_Information shown:_
== == ==
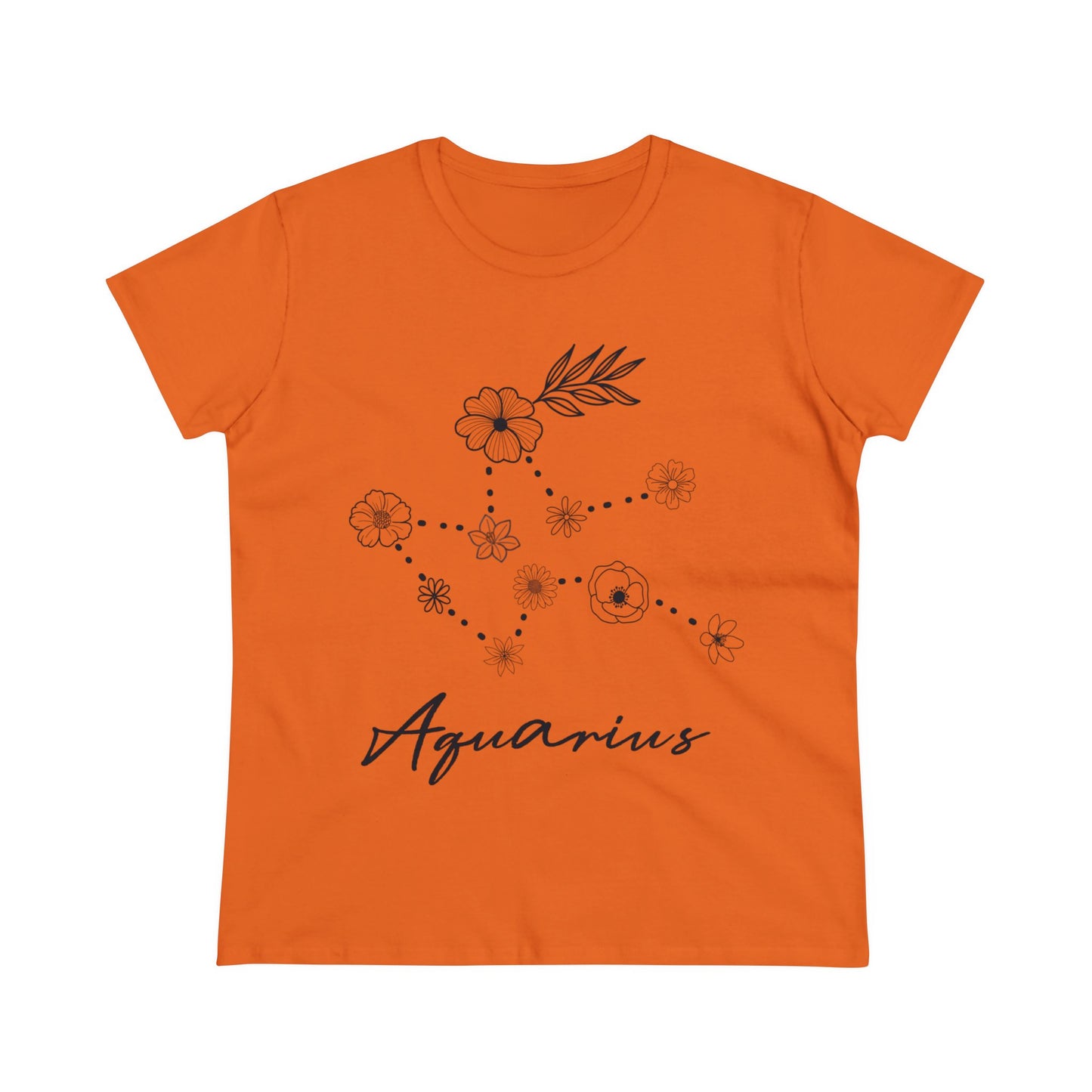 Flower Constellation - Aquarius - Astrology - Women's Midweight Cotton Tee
== == ==
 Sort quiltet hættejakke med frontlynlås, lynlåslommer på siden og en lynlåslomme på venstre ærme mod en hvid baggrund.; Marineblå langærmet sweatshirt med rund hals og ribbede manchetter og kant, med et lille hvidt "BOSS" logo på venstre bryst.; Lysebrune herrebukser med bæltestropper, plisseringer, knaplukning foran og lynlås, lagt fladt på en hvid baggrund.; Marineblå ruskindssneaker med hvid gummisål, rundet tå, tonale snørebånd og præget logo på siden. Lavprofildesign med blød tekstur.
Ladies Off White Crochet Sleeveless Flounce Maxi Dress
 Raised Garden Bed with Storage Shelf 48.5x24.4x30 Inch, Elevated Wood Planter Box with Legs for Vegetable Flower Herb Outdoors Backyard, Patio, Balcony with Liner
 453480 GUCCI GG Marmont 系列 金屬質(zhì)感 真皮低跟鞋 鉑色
== == ==
_The task:_
Above are the records; from them, give again exactly the lines from the one containing "Raised Garden Bed" to the one containing "453480 GUCCI GG", both lines included, and nothing more.

_Written response:_
 Raised Garden Bed with Storage Shelf 48.5x24.4x30 Inch, Elevated Wood Planter Box with Legs for Vegetable Flower Herb Outdoors Backyard, Patio, Balcony with Liner
 453480 GUCCI GG Marmont 系列 金屬質(zhì)感 真皮低跟鞋 鉑色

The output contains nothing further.